[[ Information supplied, beginning ]]
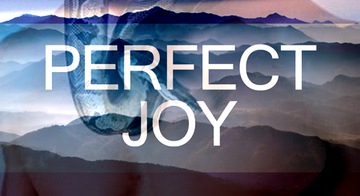 Fenzi Perfect Joy 100 мл парфюмированная вода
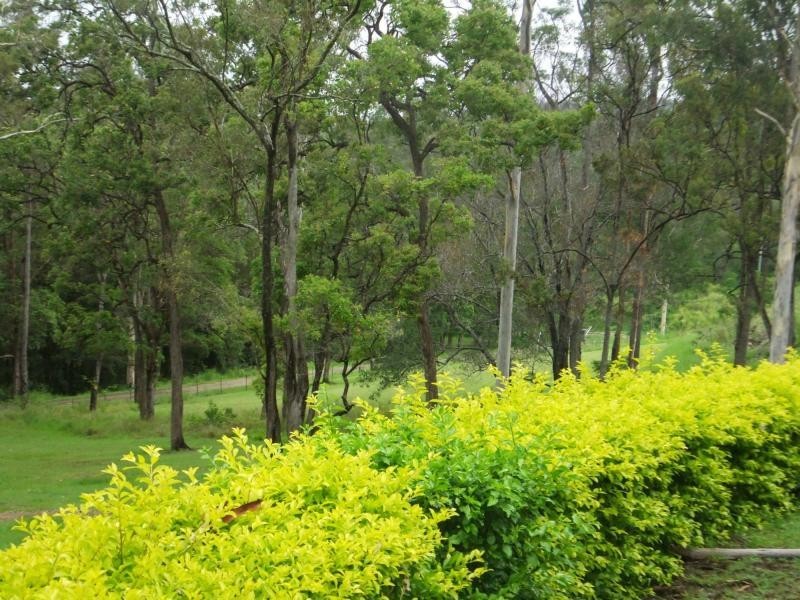 Moorina QLD 4506
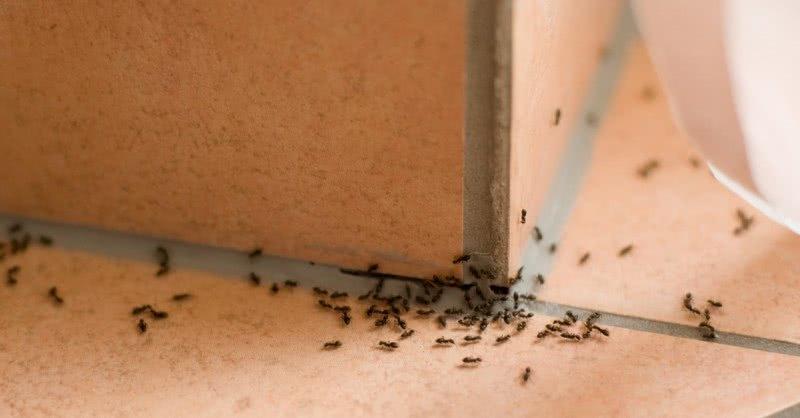 家中有蚂蚁怎么办小妙招（治理屋内小蚂蚁的方案）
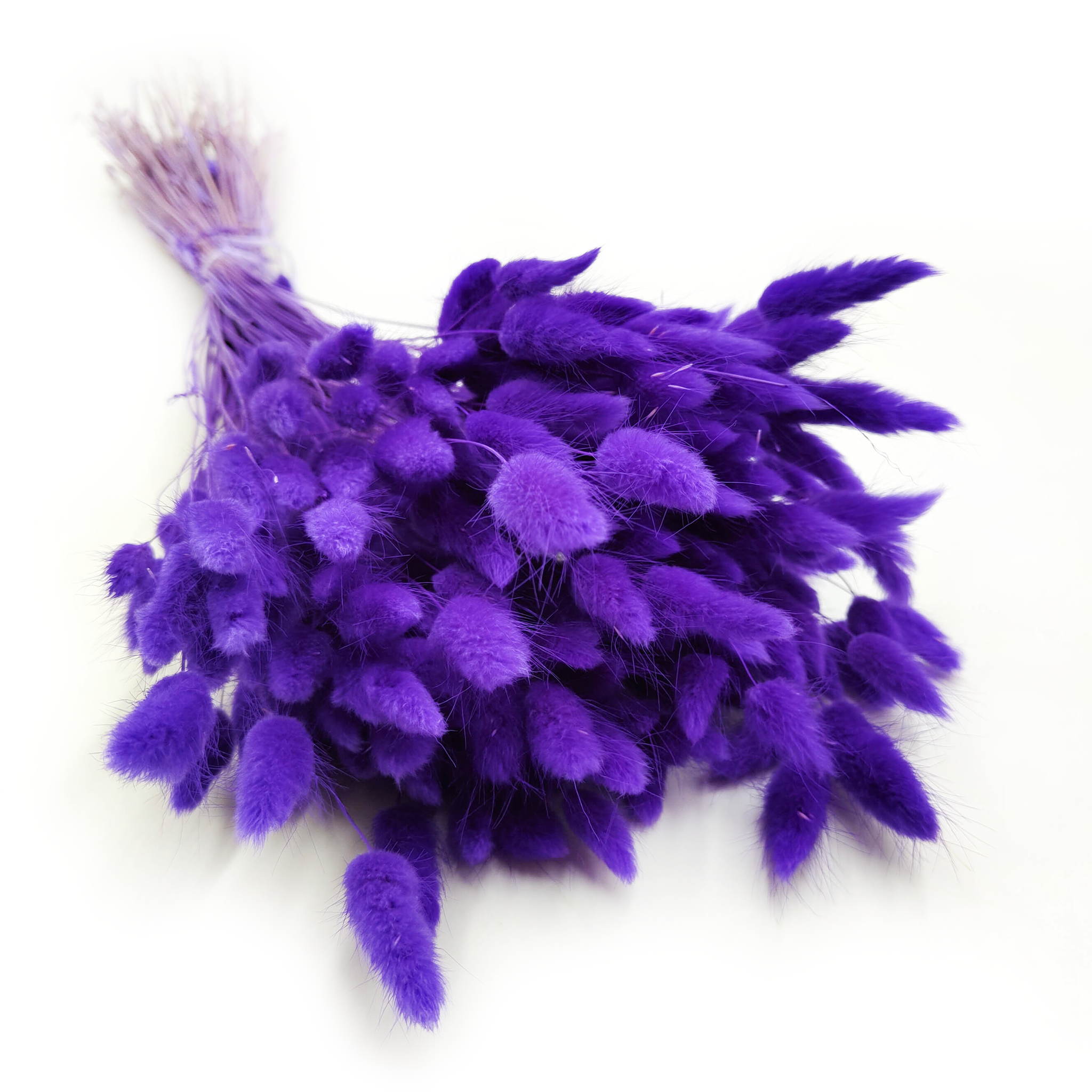 Lagurus séché – Queue-de-lièvre – Ultra Violet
[[ Information supplied, end ]]
What needs to be done | Line by line and exactly, write out the material above. Skip the pictures.

Output for this exercise |
 Fenzi Perfect Joy 100 мл парфюмированная вода
 Moorina QLD 4506
 家中有蚂蚁怎么办小妙招（治理屋内小蚂蚁的方案）
 Lagurus séché – Queue-de-lièvre – Ultra Violet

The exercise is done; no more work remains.